De docenten Jean-Claude (hier op foto) en Evode zijn nu ruim een maand in dienst. We zijn als ZBA-team nauw betrokken geweest bij de sollicitatieprocedure van deze mannen (het wordt namelijk uit ‘onze pot’ betaald) en daarom was het superleuk om nu in het echt kennis met hen te maken en hen bezig te zien voor de klas. Wat een betrokken verstandige mensen! Mannen die hun werk met heel veel passie doen! Dat zie ik wel aan de glinsterogen van Jean-Claude. Hij boeit de hele klas, het is gezellig, je ziet dat de ‘leerlingen’ genieten van de les! (en twee keer per week 2,5 uur in de schoolbanken zitten is toch best veel voor deze mensen!) Ik -toch ergens echt een docent- kreeg de kriebels: wat is lesgeven toch een geweldig vak… !!

Zo gaat het vandaag over het landbouwjaarschema. Wanneer valt de regen, wanneer zijn de seizoenen, wanneer moet je oogsten, wanneer gaan de prijzen omhoog, wanneer is het seizoen waarvoor je voorraad apart moet zetten (omdat je anders niets te eten hebt). Jean-Claude laat de leerlingen regelmatig zelf op het bord schrijven, soms gaat het helemaal fout, maar met elkaar komen ze eruit…  er gaat een wereld voor hen open! Nooit hebben ze dit zo duidelijk gezien en nog nooit hebben ze dus geweten hoe ze dit soort dingen kunnen berekenen!

Jong en oud, man en vrouw. Ze zijn stuk voor stuk blij dat ze mee kunnen doen met dit programma.

Buiten het klaslokaal is intussen het hele dorp uitgelopen: even zien hoe die ‘Mzungu’s’ (blanken) eruit zien: zoiets gebeurt natuurlijk niet elke dag.

‘s Middags gaan we een boer thuis bezoeken.

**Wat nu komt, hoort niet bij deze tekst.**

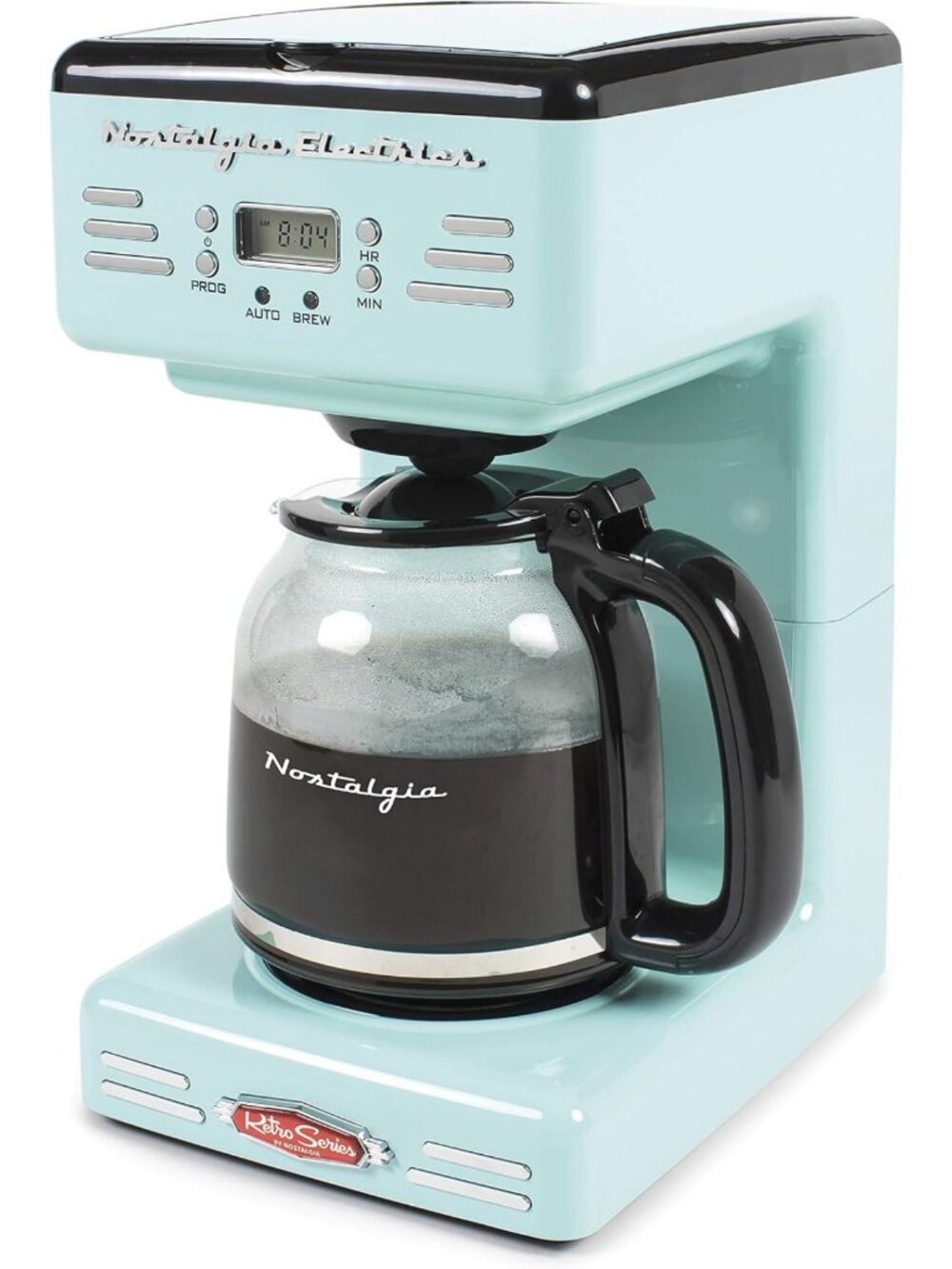 Retro 12-Cup Programmable Coffee Maker with LED Display, Auto Shut-Off & Keep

We praten met hem over hoe het gaat, wat nog lastige dingen zijn in het verbouwen. Hij vertelt veel: hij vertelt dat hij erg blij is om mee te doen aan dit programma. Dat het een grote eye-opener is om te kunnen berekenen hoeveel mais en bonen hij überhaupt nodig is voor zijn gezin voor het hele jaar (mensen waren gewend te eten en als het op was, is het op. Geen eten dus). Hij vertelt hoe zijn buurman had gezien dat zijn planten veel groter en de opbrengst hoger was en dat hij het nu ook aan zijn buurman leert hoe je in rijtjes moet planten enzovoorts. Hoe hij ‘walletjes’ maakt tegen erosie, maar wat tegelijkertijd ook voer is voor het vee.

Het slot van dit interview zal ik niet vergeten. Hij zei: de toekomst is rooskleurig!

Er gloort hoop in deze huizen! Voedselzekerheid lijkt zoiets gewoons voor ons: wanneer we eten en hoe vaak we eten is vaak al helemaal geen vraag. We kunnen soms al moeilijk doen over wat we moeten (mogen?) eten.

Voor deze gezinnen betekent het letterlijk: in plaats van 1 keer per dag een maaltijd, nu naar twee maaltijden en dat het hele jaar door!